Repeat the records below exactly from the line containing "STYLERロゴ刺繍 配色ニットカーディガン" to the line containing "Lazy Style White", taking in both of those lines. Drop the pictures.

Data supplied>
——

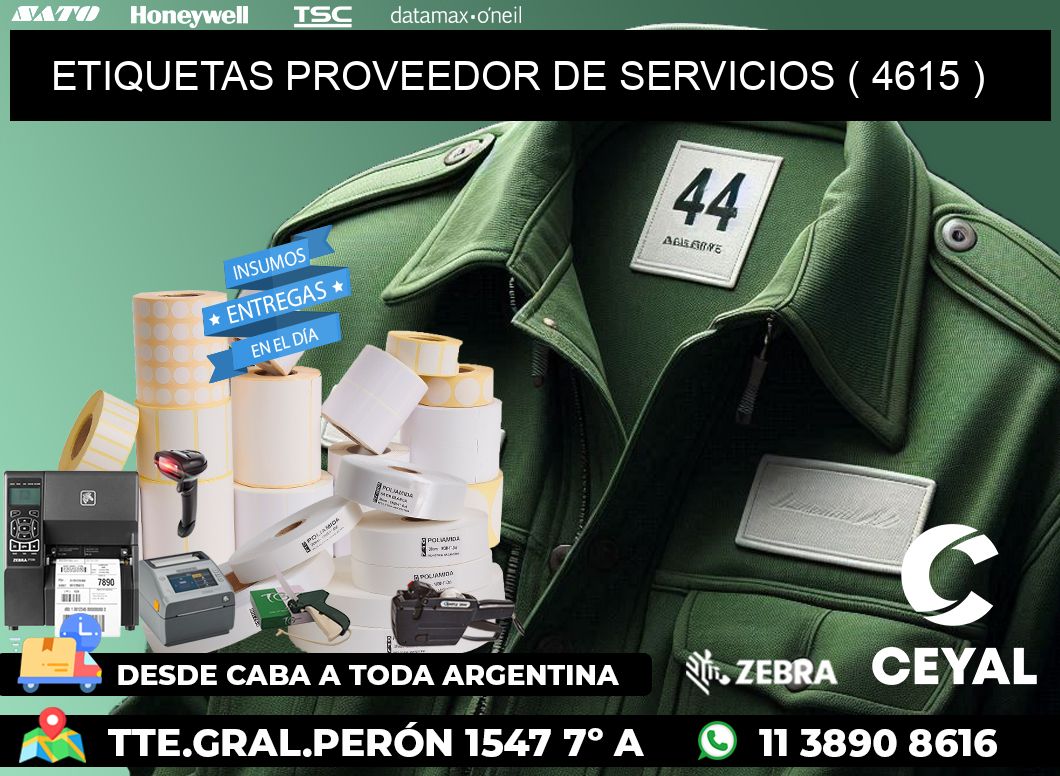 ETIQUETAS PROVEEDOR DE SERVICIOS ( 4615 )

——

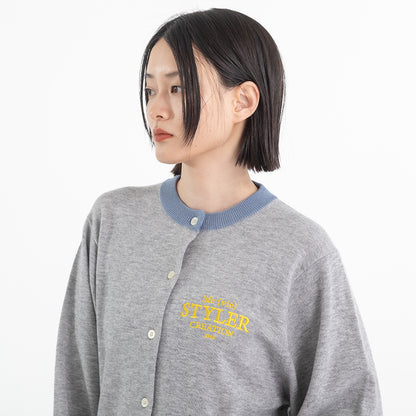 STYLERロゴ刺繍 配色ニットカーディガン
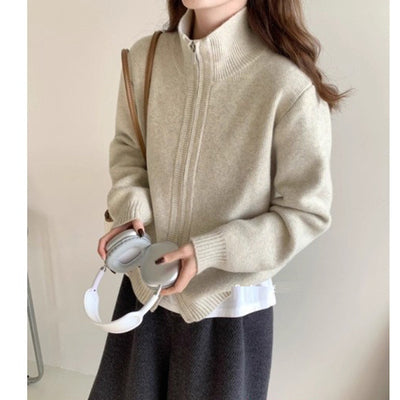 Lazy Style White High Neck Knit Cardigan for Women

——

Task result>
 STYLERロゴ刺繍 配色ニットカーディガン
 Lazy Style White High Neck Knit Cardigan for Women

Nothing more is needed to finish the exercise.